The Yorkshire Cup is an English Rugby Football Union competition founded in 1878. It is organised by the Yorkshire Rugby Football Union and is open to all eligible clubs in the Yorkshire area. It was initially known as the Yorkshire Challenge Cup.

The Yorkshire Senior Cup is currently the premier county cup competition for club sides based in Yorkshire that play in tier 4 (National League 2 North), tier 5 (National League 3 North) and tier 6 (North 1 East) of the English rugby union league system.  The current format is as a knock-out cup with a first round, second round, quarter-final, semi-final and final, which is to be played at neutral ground in the county.  Teams ranked lower than tier 6 play in the Yorkshire Shield or Yorkshire Trophy.

History

In 1877, despite reservations within the Rugby Football Union, the committee of the Yorkshire County Football Club (composed from the clubs of Bradford FC, Huddersfield FC, Leeds FC, Hull FC and York FC) sanctioned a knock-out tournament - the first of its kind in the UK.
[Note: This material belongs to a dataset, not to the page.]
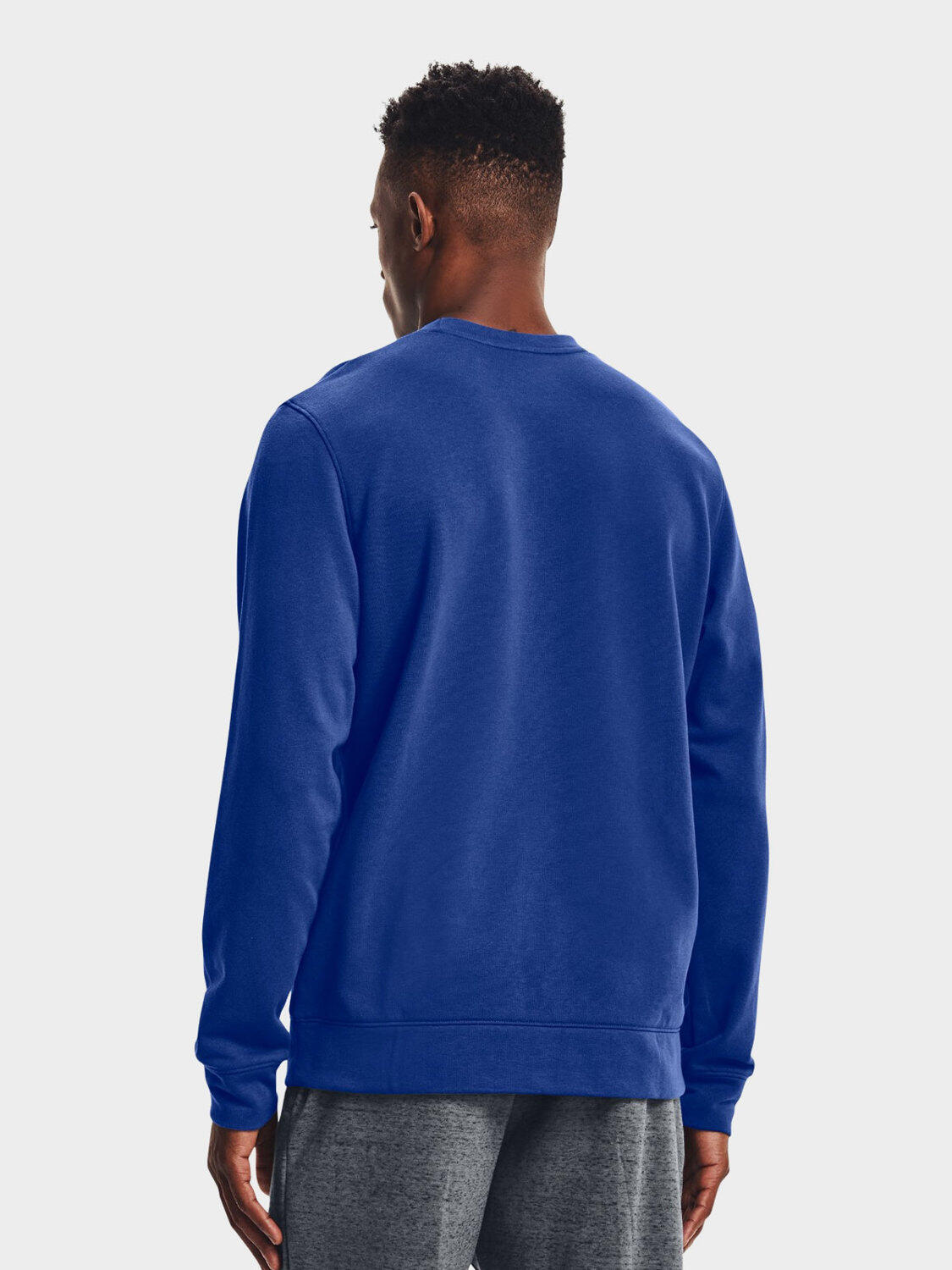 Bluza fitness męska UNDER ARMOUR Rival Terry Crew 2/4
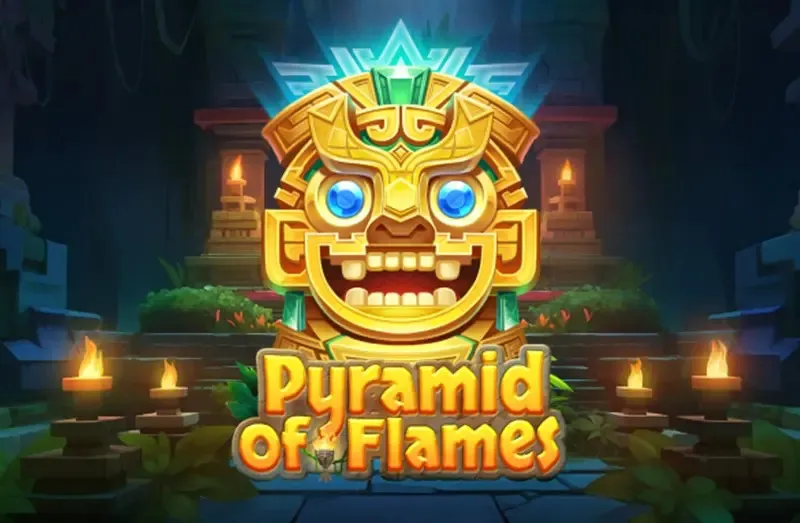 PLAYSTAR : PYRAMID OF FLAMES - LUCKYGAMING138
The notion of competing for a trophy appealed to the public of Yorkshire as much as it appalled the guardians of amateurism. The proceeds from the final were distributed among local charities.The trophy itself is known as "T'owd Tin Pot", pronounced with a Yorkshire accent.

In the first season, 16 teams battled it out for the T'owd Tin Pot, with York eventually losing out to Halifax in the final.

In its early years the competition was dominated by clubs who now play rugby league. Since the schism of 1895 which led to the formation of the Northern Rugby Football Union and the development of rugby league football, the cup has been competed for by clubs who remained with the Rugby Football Union or were founded after 1895.

According to the Hallmarks on the trophy it was made by Martin, Hall & Co. Sheffield and London, in 1877. It is made of Sterling Silver .925.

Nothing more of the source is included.